WHAT THE TASK ASKS: Find "Ranunculus Bundle of 7, Orange" and "Reinier Claeszenstraat 45" in the records below. Copy the lines holding them and every line between, exactly, and no others.

PROVIDED RECORDS:
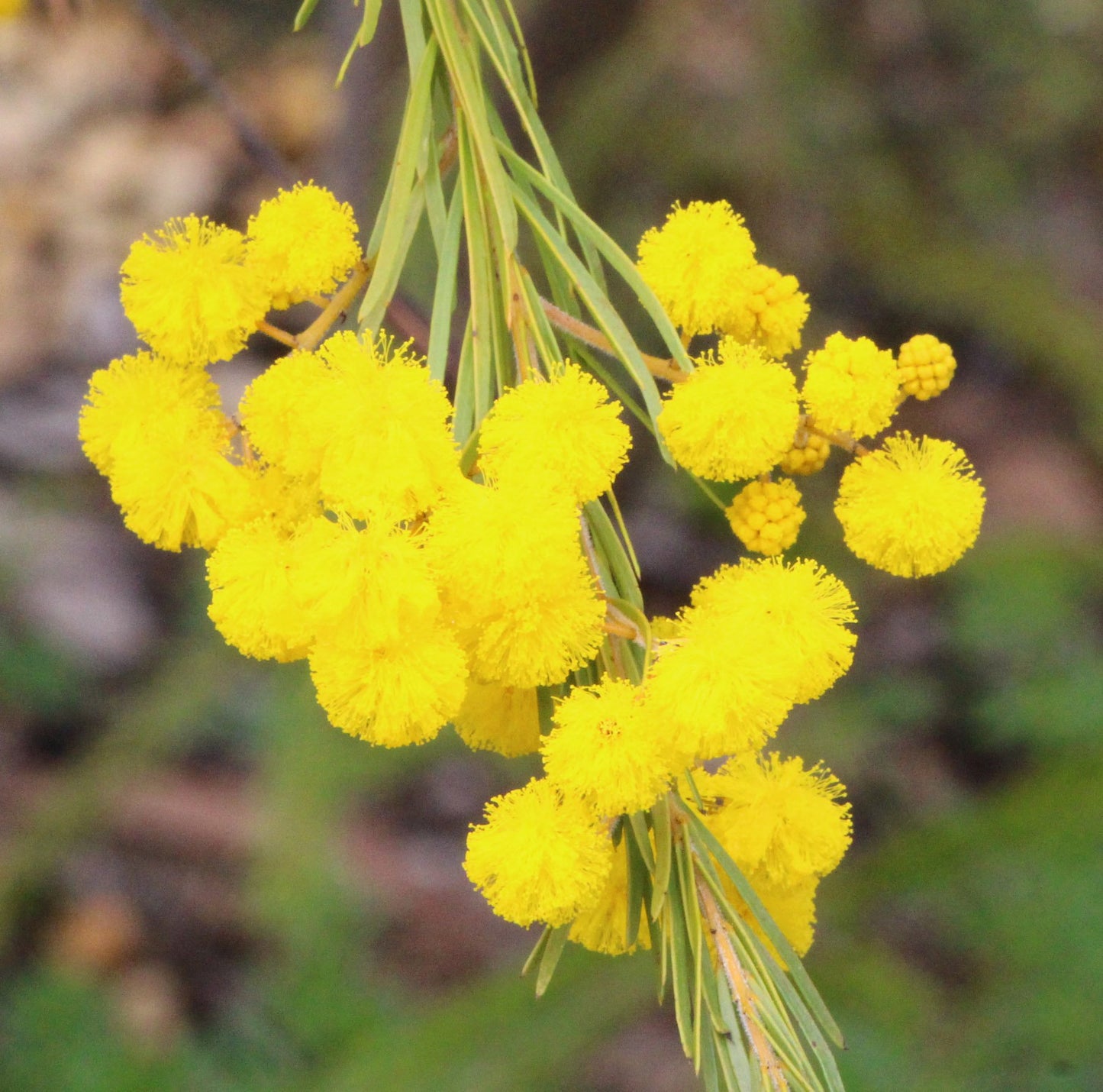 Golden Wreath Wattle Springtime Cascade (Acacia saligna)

* * *

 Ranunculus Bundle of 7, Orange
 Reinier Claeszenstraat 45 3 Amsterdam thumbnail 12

EXPECTED ANSWER:
 Ranunculus Bundle of 7, Orange
 Reinier Claeszenstraat 45 3 Amsterdam thumbnail 12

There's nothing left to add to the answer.